On a third and 10, UCLA dials up some pressure on the left side. This appears to be predicted by the Memphis playcaller, and the counter this with an RB screen to that side. Due to poor downfield blocking and good block shedding by the defensive back, this is stopped for a nine yard gain, just short of the first down marker. This play takes advantage of the blitz, leaving the two outside rushers unblocked and having lineman get to the second level. If properly blocked, this play could've gone for a touchdown.

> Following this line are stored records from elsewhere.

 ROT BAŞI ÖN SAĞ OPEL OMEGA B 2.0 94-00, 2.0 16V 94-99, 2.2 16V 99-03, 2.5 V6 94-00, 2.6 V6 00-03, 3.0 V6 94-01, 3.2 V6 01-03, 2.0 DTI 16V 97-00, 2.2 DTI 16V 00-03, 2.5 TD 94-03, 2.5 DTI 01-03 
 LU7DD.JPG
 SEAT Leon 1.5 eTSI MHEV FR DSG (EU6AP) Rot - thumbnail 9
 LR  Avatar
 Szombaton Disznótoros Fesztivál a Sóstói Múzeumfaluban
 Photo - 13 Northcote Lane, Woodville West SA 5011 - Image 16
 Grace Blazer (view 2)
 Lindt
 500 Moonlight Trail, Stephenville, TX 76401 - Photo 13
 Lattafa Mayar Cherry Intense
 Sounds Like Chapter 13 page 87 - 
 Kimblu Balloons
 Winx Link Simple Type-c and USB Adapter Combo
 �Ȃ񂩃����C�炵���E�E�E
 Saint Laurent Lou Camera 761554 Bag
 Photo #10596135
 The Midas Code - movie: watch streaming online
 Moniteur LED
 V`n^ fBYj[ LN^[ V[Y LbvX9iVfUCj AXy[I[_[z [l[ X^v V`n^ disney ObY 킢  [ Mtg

This scenario happened a couple times during the Virginia game as well, which means that UCLA may be telegraphing their defense, which can't happen against teams that are more poised to handle it.
The last defensive correction needs to be two-fold. The pass rush of last year does not seem to be a factor anymore, with Anthony Barr gone to Minnesota and Cassius "Clay" Marsh gone to the Seahawks. Take a look at Memphis's first touchdown drive pictured below:
There are no negative plays in this set. The Bruin defensive front doesn't get a push and can't get to the Memphis quarterback fast enough to force him into a bad decision. The last play of the drive sums up all the reasons that UCLA being marched on.
On 2nd and goal from the 8, Memphis runs a QB power. The Bruin linemen don't a good push off the snap, and the linebackers flow with the perceived power motion, following the guard. This, and the cornerback following the motion man instead of paying attention to the play, leads them just enough out of position. The line creates a good hole, the tight end and running back get solid blocks downfield, and it results in a touchdown for Memphis.
This lack of push seemed to be a recurring theme for UCLA, as Memphis only had five negative plays on the day. Three of those were penalties. The loss of their top two defensive linemen has caused a dropoff in their play, which won't help them when the Pac-12 slate turns up the intensity. Luckily for the Bruins, they have put together complete games on either side of the ball when one side isn't working. Eric Kendricks could be the superior Kendricks brother, and Brett Hundley is still a Heisman candidate. The play of both lines needs work if they hope to keep up with the lofty preseason expectations hoisted upon them.